DIRECTIONS FOR THIS TASK →
Give back exactly the lines running from the line with "The first thing" to the end of the entries, and only those lines.

_ _ _ _

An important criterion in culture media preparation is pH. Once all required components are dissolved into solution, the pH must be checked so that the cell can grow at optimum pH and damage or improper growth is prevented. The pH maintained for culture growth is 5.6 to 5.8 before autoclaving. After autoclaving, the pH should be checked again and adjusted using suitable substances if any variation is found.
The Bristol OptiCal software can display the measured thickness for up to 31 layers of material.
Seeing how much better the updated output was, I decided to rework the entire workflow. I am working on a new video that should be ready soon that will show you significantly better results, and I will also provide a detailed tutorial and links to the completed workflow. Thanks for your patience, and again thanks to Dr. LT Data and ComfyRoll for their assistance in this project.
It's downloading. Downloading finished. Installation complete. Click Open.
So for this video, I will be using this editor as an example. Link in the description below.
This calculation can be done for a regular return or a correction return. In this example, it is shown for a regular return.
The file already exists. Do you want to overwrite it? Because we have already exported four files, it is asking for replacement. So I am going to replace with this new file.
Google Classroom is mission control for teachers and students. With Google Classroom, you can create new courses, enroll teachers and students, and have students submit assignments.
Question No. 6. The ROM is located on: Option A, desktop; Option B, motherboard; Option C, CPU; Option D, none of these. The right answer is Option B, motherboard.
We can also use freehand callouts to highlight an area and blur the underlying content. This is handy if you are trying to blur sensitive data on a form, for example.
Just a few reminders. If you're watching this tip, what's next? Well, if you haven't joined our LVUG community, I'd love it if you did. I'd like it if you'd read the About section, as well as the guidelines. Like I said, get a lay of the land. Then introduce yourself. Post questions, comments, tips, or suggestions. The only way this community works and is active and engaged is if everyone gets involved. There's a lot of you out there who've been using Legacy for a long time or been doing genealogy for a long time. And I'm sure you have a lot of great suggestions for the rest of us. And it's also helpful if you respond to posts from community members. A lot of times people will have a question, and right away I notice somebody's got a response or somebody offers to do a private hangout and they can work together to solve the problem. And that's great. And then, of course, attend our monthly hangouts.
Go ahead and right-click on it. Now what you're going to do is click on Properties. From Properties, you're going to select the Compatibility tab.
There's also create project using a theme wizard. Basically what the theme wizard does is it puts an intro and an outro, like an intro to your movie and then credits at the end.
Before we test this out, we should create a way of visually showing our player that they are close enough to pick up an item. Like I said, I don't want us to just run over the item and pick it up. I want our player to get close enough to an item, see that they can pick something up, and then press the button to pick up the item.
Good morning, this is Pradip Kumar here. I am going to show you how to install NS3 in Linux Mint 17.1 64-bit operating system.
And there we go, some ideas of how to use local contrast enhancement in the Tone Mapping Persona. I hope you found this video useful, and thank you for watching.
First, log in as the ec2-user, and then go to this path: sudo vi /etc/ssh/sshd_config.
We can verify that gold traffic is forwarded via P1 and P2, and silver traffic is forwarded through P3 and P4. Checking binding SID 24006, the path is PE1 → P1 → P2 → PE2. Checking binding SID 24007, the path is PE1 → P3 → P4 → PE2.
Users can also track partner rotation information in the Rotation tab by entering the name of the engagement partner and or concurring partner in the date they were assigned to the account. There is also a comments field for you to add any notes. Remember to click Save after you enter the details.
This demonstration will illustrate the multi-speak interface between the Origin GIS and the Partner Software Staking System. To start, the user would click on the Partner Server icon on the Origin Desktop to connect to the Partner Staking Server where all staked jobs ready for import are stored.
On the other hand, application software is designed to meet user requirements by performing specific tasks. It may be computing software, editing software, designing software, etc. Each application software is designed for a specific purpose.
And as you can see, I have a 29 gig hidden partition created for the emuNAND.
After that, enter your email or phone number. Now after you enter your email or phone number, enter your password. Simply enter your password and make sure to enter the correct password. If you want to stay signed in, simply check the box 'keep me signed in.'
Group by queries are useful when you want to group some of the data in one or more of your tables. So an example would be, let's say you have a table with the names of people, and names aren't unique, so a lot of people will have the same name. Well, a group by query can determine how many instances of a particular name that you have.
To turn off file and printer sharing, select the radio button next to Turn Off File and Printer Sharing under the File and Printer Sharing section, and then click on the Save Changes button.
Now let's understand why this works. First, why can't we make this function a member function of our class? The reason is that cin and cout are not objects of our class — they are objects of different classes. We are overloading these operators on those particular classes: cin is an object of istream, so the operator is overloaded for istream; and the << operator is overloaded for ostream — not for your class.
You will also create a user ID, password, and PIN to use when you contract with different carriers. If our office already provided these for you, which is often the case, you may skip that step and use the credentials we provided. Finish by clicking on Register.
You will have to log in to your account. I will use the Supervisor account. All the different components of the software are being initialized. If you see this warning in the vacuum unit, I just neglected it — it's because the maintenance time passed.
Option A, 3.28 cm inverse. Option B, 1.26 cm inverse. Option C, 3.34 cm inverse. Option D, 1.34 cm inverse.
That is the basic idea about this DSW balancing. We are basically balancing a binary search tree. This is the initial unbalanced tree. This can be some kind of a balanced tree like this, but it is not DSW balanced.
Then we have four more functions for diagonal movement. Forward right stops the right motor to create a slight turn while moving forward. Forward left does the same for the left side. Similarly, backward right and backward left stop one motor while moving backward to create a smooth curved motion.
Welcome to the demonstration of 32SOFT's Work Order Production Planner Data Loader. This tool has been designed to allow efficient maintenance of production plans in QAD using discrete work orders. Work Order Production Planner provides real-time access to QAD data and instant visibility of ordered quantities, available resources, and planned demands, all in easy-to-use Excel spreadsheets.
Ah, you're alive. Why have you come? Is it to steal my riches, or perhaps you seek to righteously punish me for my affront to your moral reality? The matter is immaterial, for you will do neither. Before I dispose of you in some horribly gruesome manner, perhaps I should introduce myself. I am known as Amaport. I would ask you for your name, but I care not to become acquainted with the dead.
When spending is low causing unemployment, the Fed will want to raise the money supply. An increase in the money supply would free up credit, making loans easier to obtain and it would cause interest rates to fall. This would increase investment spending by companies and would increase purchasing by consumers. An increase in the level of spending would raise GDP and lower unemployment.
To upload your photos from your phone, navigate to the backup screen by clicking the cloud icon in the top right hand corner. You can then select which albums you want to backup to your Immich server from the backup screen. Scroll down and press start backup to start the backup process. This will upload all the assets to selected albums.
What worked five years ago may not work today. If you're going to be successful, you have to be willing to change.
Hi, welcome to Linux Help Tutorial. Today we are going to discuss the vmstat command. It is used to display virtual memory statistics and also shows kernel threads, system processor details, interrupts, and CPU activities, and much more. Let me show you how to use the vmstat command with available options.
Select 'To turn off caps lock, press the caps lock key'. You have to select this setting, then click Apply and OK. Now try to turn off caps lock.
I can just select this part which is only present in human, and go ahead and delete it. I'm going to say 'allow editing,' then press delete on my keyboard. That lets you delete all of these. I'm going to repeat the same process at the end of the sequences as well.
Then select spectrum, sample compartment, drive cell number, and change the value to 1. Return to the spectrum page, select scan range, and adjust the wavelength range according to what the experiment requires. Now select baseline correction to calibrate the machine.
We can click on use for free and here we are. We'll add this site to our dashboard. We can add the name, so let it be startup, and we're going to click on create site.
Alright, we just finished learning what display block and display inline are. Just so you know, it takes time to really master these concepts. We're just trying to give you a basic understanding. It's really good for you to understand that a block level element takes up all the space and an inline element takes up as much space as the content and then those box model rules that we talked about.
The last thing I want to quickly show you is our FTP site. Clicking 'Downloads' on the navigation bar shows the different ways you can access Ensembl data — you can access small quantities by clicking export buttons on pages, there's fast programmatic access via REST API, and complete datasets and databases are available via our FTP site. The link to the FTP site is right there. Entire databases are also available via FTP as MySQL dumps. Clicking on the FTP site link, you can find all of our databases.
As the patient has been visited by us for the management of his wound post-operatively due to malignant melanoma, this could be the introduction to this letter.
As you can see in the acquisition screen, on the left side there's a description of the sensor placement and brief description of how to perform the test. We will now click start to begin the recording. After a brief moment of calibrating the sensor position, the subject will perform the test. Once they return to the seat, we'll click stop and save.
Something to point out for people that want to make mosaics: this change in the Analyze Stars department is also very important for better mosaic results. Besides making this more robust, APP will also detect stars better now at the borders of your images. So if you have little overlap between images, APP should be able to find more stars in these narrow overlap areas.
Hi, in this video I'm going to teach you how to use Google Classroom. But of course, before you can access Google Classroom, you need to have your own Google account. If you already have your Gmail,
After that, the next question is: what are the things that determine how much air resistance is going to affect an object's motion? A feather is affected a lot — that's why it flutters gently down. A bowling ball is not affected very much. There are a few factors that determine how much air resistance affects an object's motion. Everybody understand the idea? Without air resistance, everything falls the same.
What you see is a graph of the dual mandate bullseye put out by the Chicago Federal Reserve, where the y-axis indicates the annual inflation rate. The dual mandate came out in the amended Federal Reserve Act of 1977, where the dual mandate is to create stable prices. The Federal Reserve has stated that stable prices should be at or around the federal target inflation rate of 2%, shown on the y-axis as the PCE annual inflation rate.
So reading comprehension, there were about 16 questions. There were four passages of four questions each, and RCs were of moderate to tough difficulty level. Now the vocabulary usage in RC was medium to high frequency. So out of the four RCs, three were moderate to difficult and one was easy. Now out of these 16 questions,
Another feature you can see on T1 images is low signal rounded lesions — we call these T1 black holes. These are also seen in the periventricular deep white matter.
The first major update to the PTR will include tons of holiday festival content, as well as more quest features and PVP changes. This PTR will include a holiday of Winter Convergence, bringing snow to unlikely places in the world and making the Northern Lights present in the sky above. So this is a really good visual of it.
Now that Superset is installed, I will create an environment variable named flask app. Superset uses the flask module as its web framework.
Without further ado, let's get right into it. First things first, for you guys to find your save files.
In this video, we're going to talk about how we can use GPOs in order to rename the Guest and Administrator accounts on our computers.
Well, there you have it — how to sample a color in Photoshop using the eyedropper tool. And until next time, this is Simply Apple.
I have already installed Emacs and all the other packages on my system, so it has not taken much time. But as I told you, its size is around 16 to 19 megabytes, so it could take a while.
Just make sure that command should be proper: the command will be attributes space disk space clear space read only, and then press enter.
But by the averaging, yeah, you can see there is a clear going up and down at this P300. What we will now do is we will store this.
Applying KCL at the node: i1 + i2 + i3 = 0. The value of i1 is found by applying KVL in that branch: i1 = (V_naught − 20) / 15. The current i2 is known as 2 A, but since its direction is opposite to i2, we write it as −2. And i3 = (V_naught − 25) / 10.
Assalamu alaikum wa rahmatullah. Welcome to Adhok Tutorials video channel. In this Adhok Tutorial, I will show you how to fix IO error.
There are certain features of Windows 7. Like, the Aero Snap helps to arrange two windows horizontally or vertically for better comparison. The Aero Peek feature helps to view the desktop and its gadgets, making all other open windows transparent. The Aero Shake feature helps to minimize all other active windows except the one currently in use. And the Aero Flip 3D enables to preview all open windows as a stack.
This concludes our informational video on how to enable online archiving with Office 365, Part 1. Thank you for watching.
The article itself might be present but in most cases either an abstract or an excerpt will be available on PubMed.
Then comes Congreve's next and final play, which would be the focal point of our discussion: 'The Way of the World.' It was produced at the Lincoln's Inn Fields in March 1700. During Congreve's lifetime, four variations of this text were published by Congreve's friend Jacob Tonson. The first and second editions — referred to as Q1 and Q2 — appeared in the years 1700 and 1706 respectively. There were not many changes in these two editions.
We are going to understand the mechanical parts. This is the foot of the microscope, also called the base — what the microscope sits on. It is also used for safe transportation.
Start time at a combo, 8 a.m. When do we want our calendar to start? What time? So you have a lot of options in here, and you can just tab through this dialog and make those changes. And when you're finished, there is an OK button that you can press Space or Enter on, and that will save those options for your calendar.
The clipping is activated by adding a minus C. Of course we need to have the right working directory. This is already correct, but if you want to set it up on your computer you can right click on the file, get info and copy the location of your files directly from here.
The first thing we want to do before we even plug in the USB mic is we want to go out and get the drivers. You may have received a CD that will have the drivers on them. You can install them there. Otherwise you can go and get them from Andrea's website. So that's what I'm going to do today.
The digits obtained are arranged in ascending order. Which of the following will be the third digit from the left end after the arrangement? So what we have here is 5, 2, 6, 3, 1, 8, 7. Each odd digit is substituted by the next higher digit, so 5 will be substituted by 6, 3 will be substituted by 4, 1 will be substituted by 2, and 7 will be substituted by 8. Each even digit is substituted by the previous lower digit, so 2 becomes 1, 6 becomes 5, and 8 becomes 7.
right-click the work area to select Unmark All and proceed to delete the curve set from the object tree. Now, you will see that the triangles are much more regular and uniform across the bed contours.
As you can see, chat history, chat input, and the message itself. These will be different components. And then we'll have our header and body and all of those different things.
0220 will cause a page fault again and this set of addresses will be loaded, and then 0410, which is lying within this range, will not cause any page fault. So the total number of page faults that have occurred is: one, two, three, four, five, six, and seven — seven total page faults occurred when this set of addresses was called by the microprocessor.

_ _ _ _

THE COMPLETED TASK →
The first thing we want to do before we even plug in the USB mic is we want to go out and get the drivers. You may have received a CD that will have the drivers on them. You can install them there. Otherwise you can go and get them from Andrea's website. So that's what I'm going to do today.
The digits obtained are arranged in ascending order. Which of the following will be the third digit from the left end after the arrangement? So what we have here is 5, 2, 6, 3, 1, 8, 7. Each odd digit is substituted by the next higher digit, so 5 will be substituted by 6, 3 will be substituted by 4, 1 will be substituted by 2, and 7 will be substituted by 8. Each even digit is substituted by the previous lower digit, so 2 becomes 1, 6 becomes 5, and 8 becomes 7.
right-click the work area to select Unmark All and proceed to delete the curve set from the object tree. Now, you will see that the triangles are much more regular and uniform across the bed contours.
As you can see, chat history, chat input, and the message itself. These will be different components. And then we'll have our header and body and all of those different things.
0220 will cause a page fault again and this set of addresses will be loaded, and then 0410, which is lying within this range, will not cause any page fault. So the total number of page faults that have occurred is: one, two, three, four, five, six, and seven — seven total page faults occurred when this set of addresses was called by the microprocessor.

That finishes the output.